Qualcomm previously detailed the specifications of the Snapdragon 8 Elite, stating that the newest chipset's custom performance cores could reach a clock speed of 4.32GHz. The company made no mention that these in-house Oryon could run beyond their default frequencies, but it appears that it is a possibility. The San Diego firm demonstrated this in a new Geekbench 6 benchmarking run, with its single-core results now matching the A18 Pro. As for the multi-core results, they are even higher than before, as the silicon's Oryon cores now run at 4.57GHz.
Earlier, a reference design of the Snapdragon 8 Elite was tested at its default clock speeds of 4.32GHz, and while its single-core results continued to trail behind Apple's A18 Pro, it achieved the highest multi-core score for a smartphone with 10,617 points, beating other competing Android SoCs by up to 47 percent. The latest feat was shown by Nicolas La Rocco, showing that the two performance cores belonging to the Snapdragon 8 Elite were operating at 4.57GHz, while the six efficiency ones remained at 3.53GHz.
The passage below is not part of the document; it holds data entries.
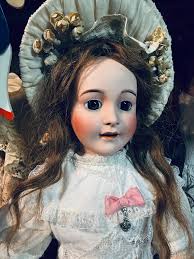 What is the age of a large heavy doll with "Paris 11"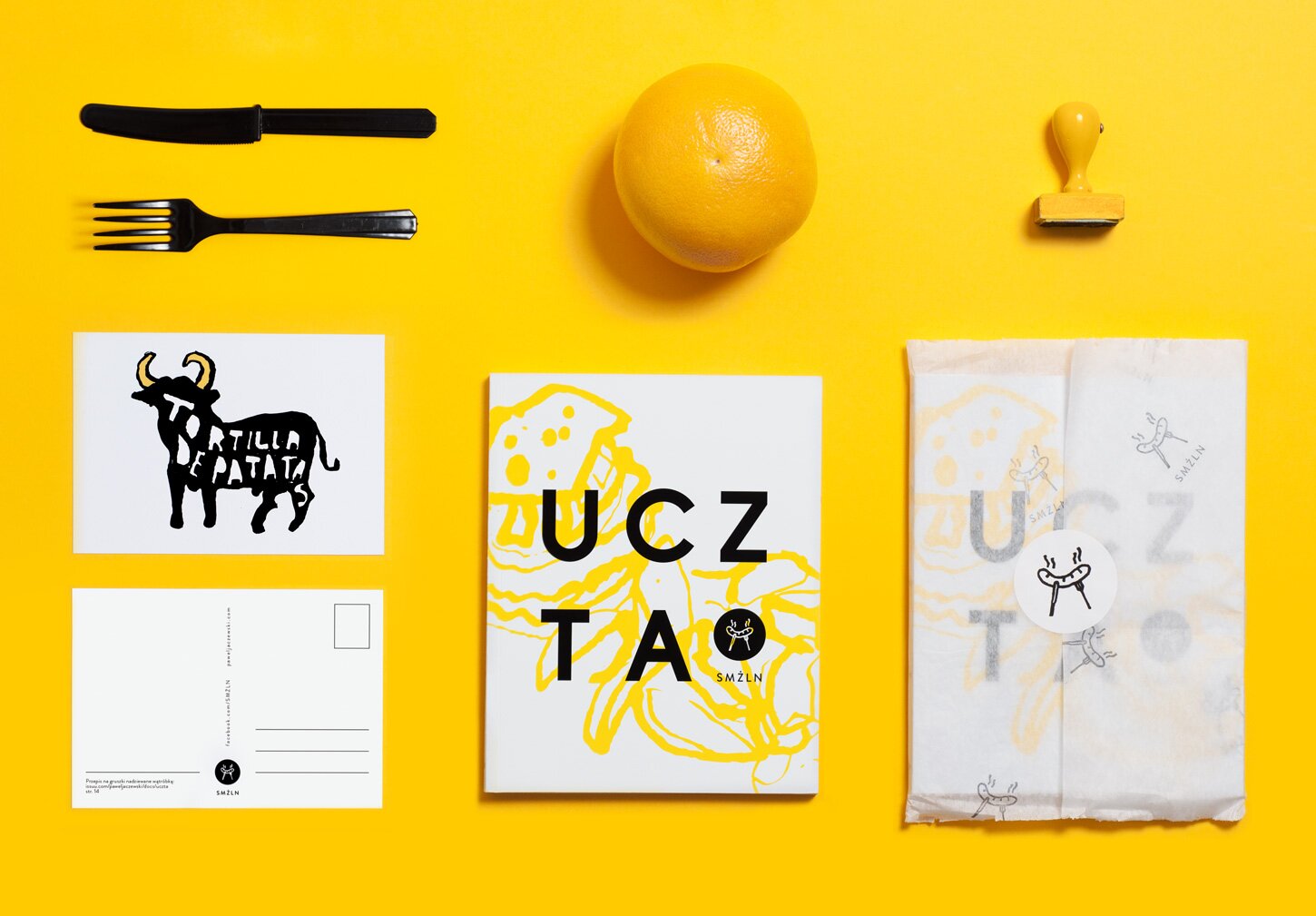 A photography of postcards and UCZTA cookbook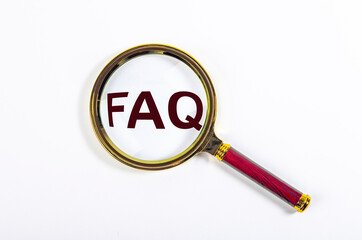 FAQ acronym through loupe on white background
When running Geekbench 6, the Snapdragon 8 Elite with the overclocked performance cores achieves unprecedented results, attaining a single-core score of 3,407, with the multi-core figure even higher at 10,875. When we compared the single-core results with the A18 Pro on Geekbench 6's database, we found that the Snapdragon 8 Elite beat the A18 Pro powering various iPhone 16 Pro and iPhone 16 Pro Max while losing to others. In short, it is incredible what Qualcomm has accomplished with the latest chipset, but it comes at a steep cost.
Previously, when comparing the efficiency levels of the Snapdragon 8 Elite and A18 Pro, Apple's latest 3nm SoC consumed slightly less power while delivering a higher single-core in Geekbench 6, delivering the best 'performance per watt' results of any smartphone silicon, at least in one particular test. With the Snapdragon 8 Elite's cores running at 4.57GHz, the power draw would be much higher while producing diminished results, spiking the thermals. We doubt these clock speeds can be sustained when running prolonged workloads, but we are interested to see what performance limits can be crossed with Qualcomm's latest and greatest.